What should we expect ? I hope some real mouth watering specials and giveaways

Reactions: Like 2


----------



## Moerse Rooikat (20/9/18)

Richio said:


> *BLCK Vapour Cape Town Store Launch
> 
> Watch this space for more details
> *
> ...



oo hope they are at the launch

Reactions: Like 2 | Funny 2


----------



## Mr. B (20/9/18)

FINALLY!!!!!!!!!!!!!!!!!!!!!!!!!!!!!!!!!!!!!!

Reactions: Like 2


----------



## Silver (20/9/18)

So cool @Richio !
Wishing you guys all the best for the launch of the Cape Town store!!!

Reactions: Like 2 | Thanks 1


----------



## Patrick (21/9/18)

Gotta love the payline: "Once you go BLCK".

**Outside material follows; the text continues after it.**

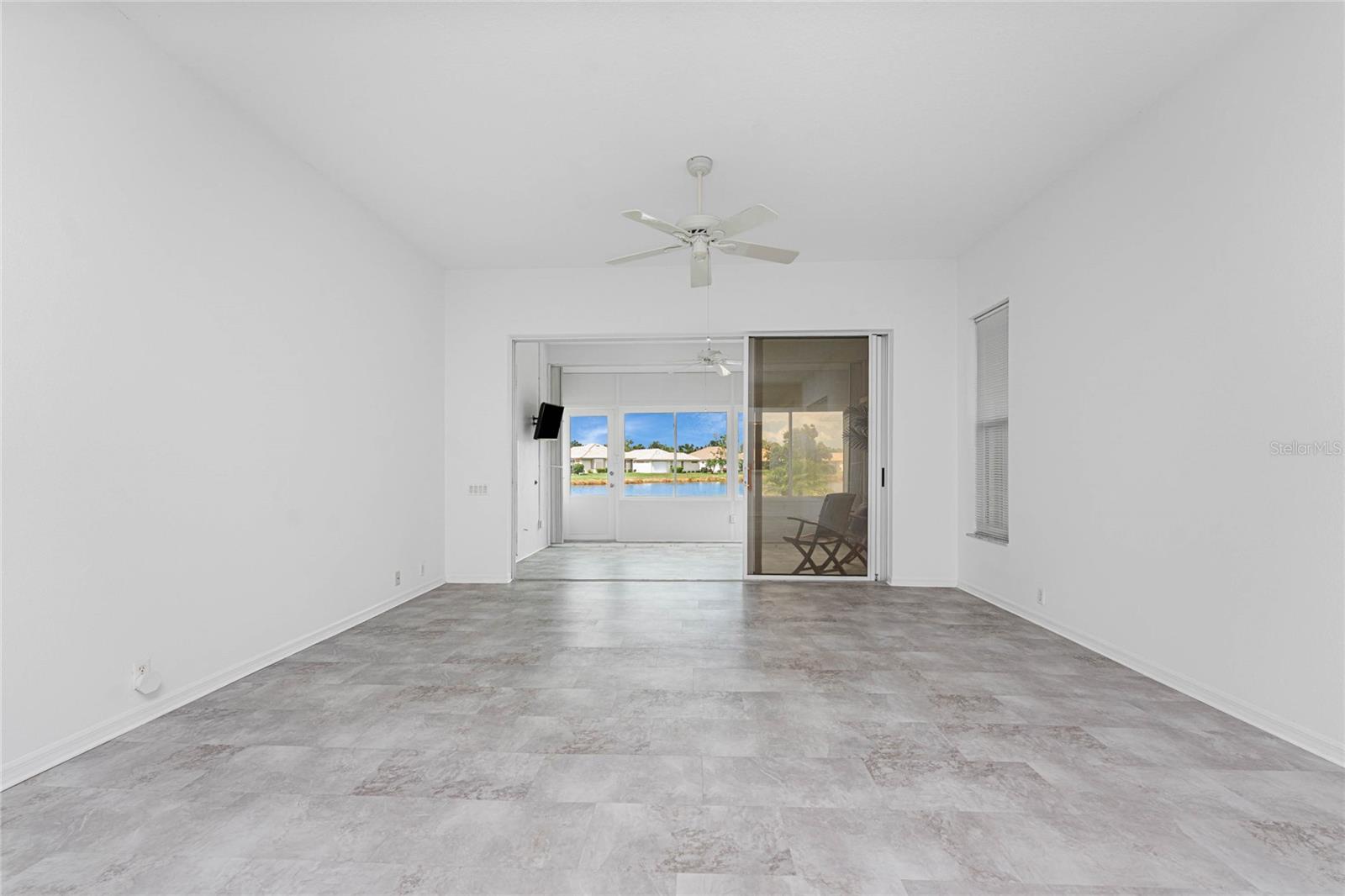 Image 15 of 77 For 6730 Greenview Lane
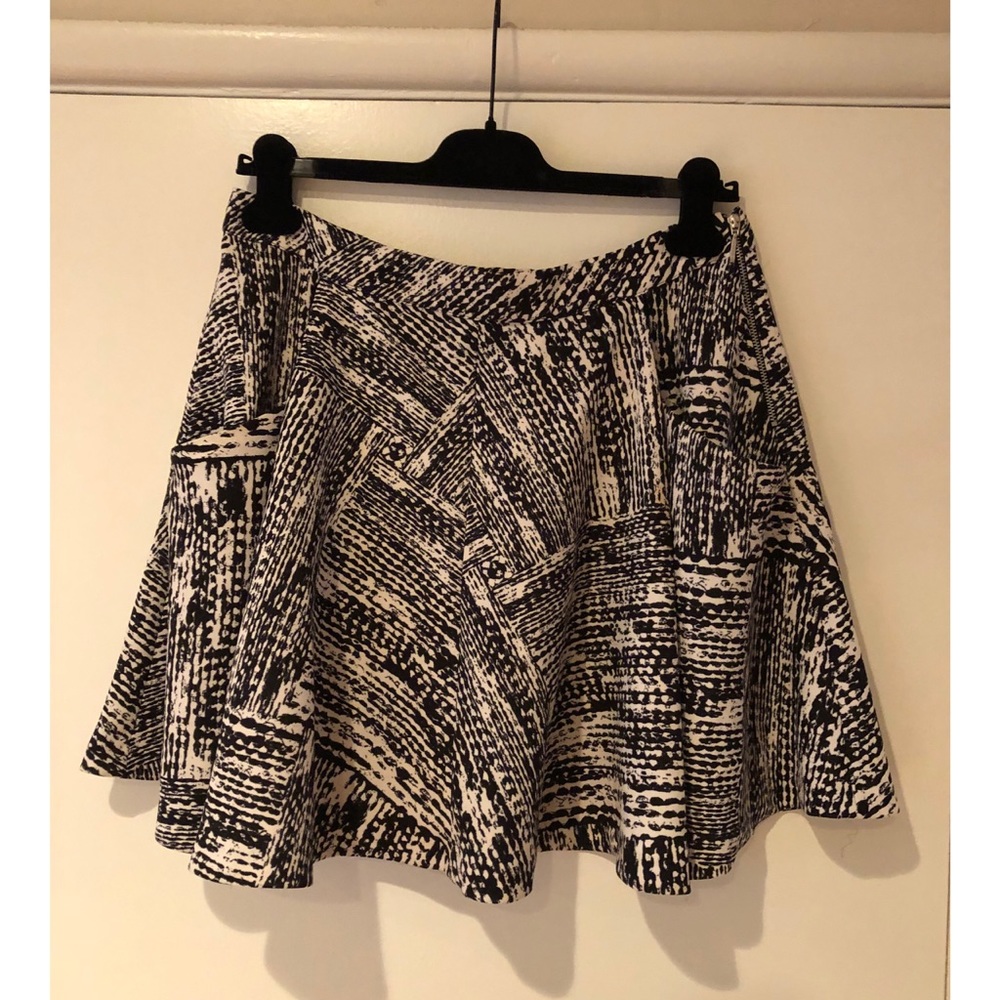 ZARA Black & White Abstract Print Mini Skirt A-line  Size L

Reactions: Like 2 | Dislike 1


----------



## Richio (25/9/18)

OP Updated

Reactions: Like 1 | Winner 1


----------



## Faiyaz Cheulkar (25/9/18)

Who all are coming ??? 

Sent from aPhone

Reactions: Like 1


----------



## Mr. B (25/9/18)

Faiyaz Cheulkar said:


> Who all are coming ???
> 
> Sent from aPhone


I'll get you there

Reactions: Like 2


----------



## Humbolt (25/9/18)

I'll try to make a turn. 
I know @eviltoy will be there for sure

Reactions: Like 3


----------



## Silver (25/9/18)

Richio said:


> OP Updated



Oh wow, this is awesome
Wishing you all the best for the launch of the new shop @Richio !
Sounds like its going to be a great day on 29 Sep!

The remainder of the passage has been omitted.